(Dataset Opens)
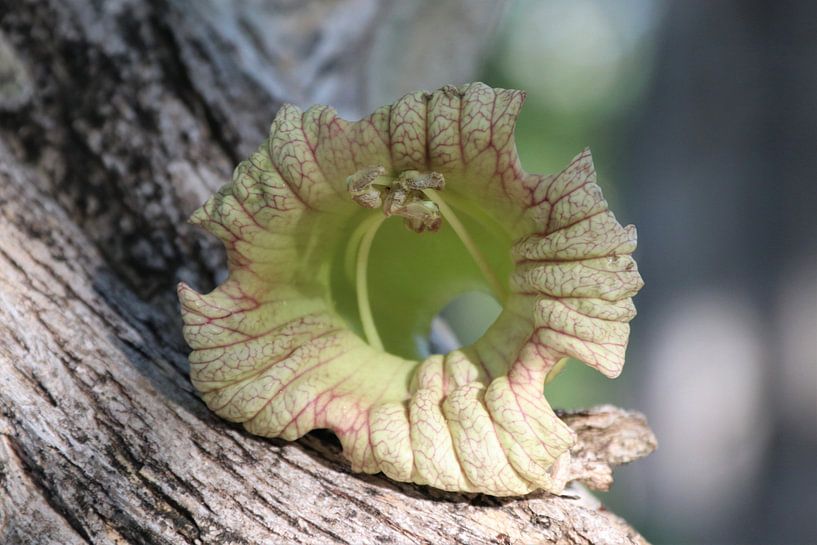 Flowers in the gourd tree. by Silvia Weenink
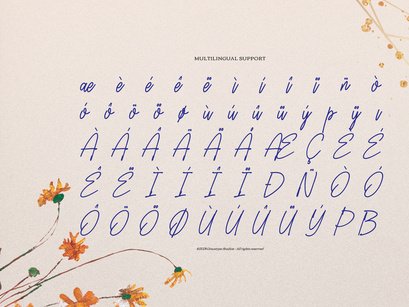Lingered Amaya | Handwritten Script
(Dataset Closes)
(Dataset Opens)
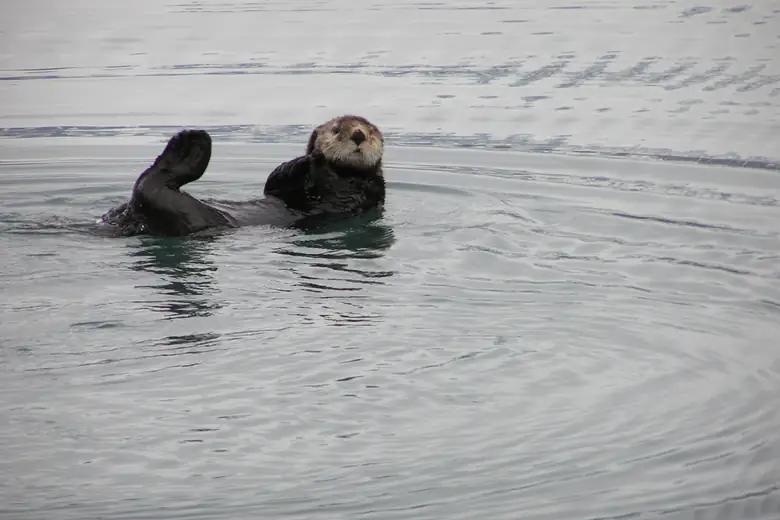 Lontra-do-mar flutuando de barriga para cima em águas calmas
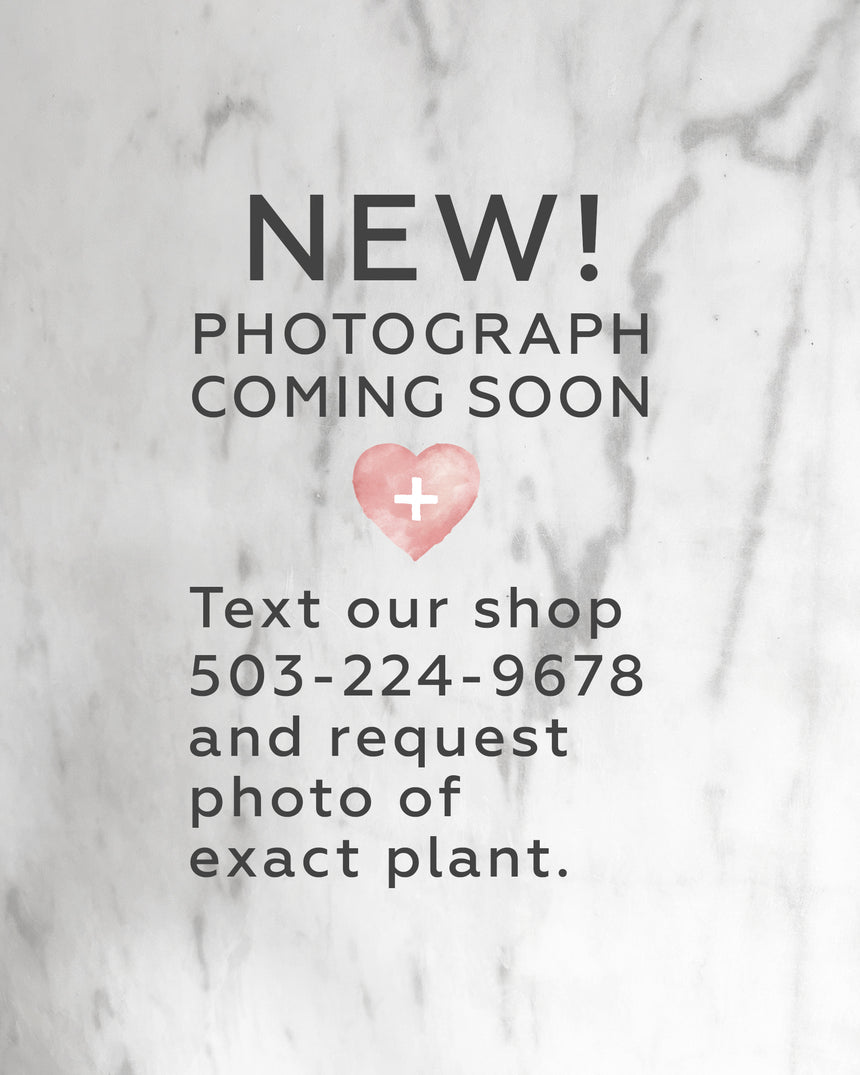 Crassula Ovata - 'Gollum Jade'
(Dataset Closes)
(Dataset Opens)
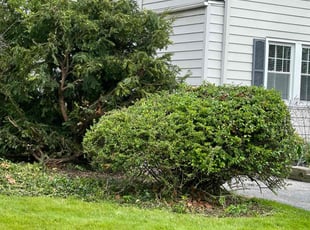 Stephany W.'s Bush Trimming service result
(Dataset Closes)
**Task objective**
Copy only what runs above from the line containing "Flowers in the gourd tree. by Silvia Weenink" through the line containing "Lingered Amaya | Handwritten Script", exactly. Leave out the pictures.

**Answer box**
 Flowers in the gourd tree. by Silvia Weenink
Lingered Amaya | Handwritten Script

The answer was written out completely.